In this claim, the policyholder was not aware of the hail damage to a wood shake roof on a two-story house for many months. When the adjuster did weather research, the conclusion was that the hail storm occurred more than 180 days before the claim was made and cited this policy language as the basis for limiting coverage to ACV rather than RC.
The FC&S answer did not address the insurance contract language and based its opinion for RC coverage on the manifestation theory of occurrences. While I agree with their conclusion that RC coverage is appropriate, I base that on the actual contract language and not the occurrence theory. More on the policy language in a minute, but first a brief side step on occurrence theories. If you are not aware of these loss occurrence theories, you might take a few minutes to peruse these two articles:
- “Trigger Theories in Homeowners Insurance”
- “No Manifestation Destiny: The Seventh Circuit Declines to Set a Standard Trigger Rule for First-Party Property Policies”
If you read these articles, you can see how even the courts disagree on which theory, if any, is applicable to first-party property damage claims. But I believe there is an easier way of determining whether RC or ACV is owed to the insured. At about the same time the FC&S article was published, I received an email from an insurance company’s home office claims manager about a hail claim under the CP 00 10 12. The claim was filed on June 21, 2020 when the roof damage was discovered but the carrier’s investigation has led them to believe the loss actually occurred in 2017. The policy was in force throughout this time period. The claim manager believes RC is owed but the carrier’s legal counsel believes recovery is limited to ACV because the insured failed to report the claim within 180 days of the date of loss or damage.

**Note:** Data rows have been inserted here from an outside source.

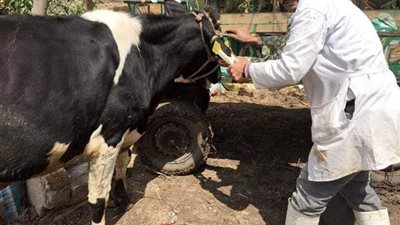 بيطري الشرقية يُجري المسح التناسلي والتلقيح الصناعى لـ19 ألف رأس ماشية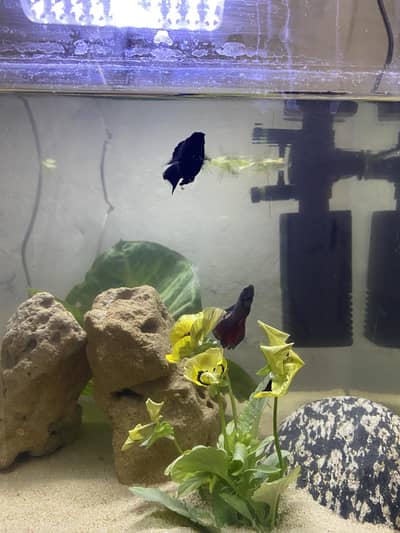 Aquriam All Setup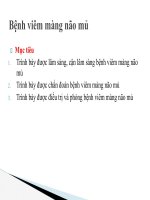 Bài giảng Bệnh Viêm màng não mủ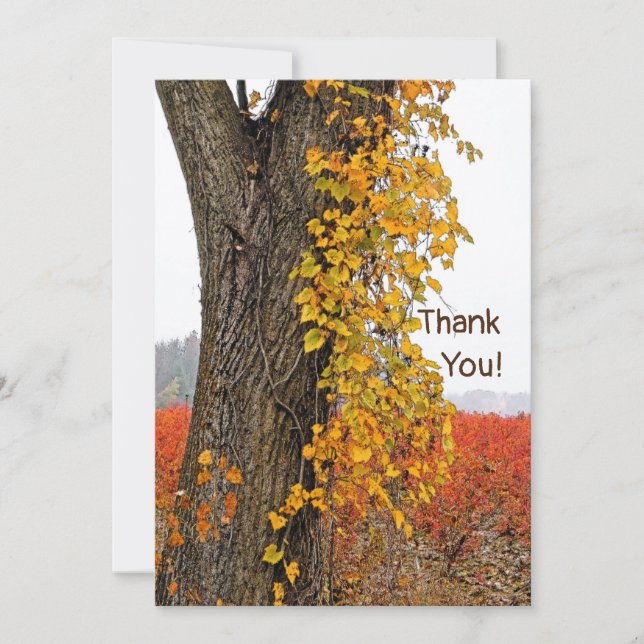 GRACIAS/PERSONALIZABLE/ÁRBOL,VINE, CAMPOS BLUEBERR (Anverso)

I believe the answer lies in the contract language itself [emphasis added]:
- “You may make a claim for loss or damage covered by this insurance on an actual cash value basis instead of on a replacement cost basis. In the event you elect to have loss or damage settled on an actual cash value basis, you may still make a claim for the additional coverage this Optional Coverage provides if you notify us of your intent to do so within 180 days after the loss or damage.”
This provision starts out by saying “You may make a claim for loss or damage covered by this insurance on an actual cash value basis….” The reality is that the insured is NOT making a claim for ACV. The insured paid for and expects RC coverage and is making the claim for RC coverage.
The second part of the provision goes on to say that “In the event you elect to have loss or damage settled on an actual cash value basis….” Again, the insured never elected an ACV recovery. Therefore, the “In the event you elect….” language required to trigger the 180-day provision is inapplicable.
The only time the 180-day limitation is triggered is IF the insured actually requests an initial ACV recovery and that is not the case for these types of claims.
I believe this reading is in keeping with the insured’s reasonable expectations for the coverage their premium paid for, is the proper interpretation as a matter of equity, and is the clear and unambiguous meaning of this language. The RTFP Doctrine prevails.
P.S. Another myth is that the insured must actually replace the property within 180 days of loss in order to recover on a RC basis. That’s not what the policy language above says. The insured only has to provide notice within 180 days that the insured intends to recover on a RC basis.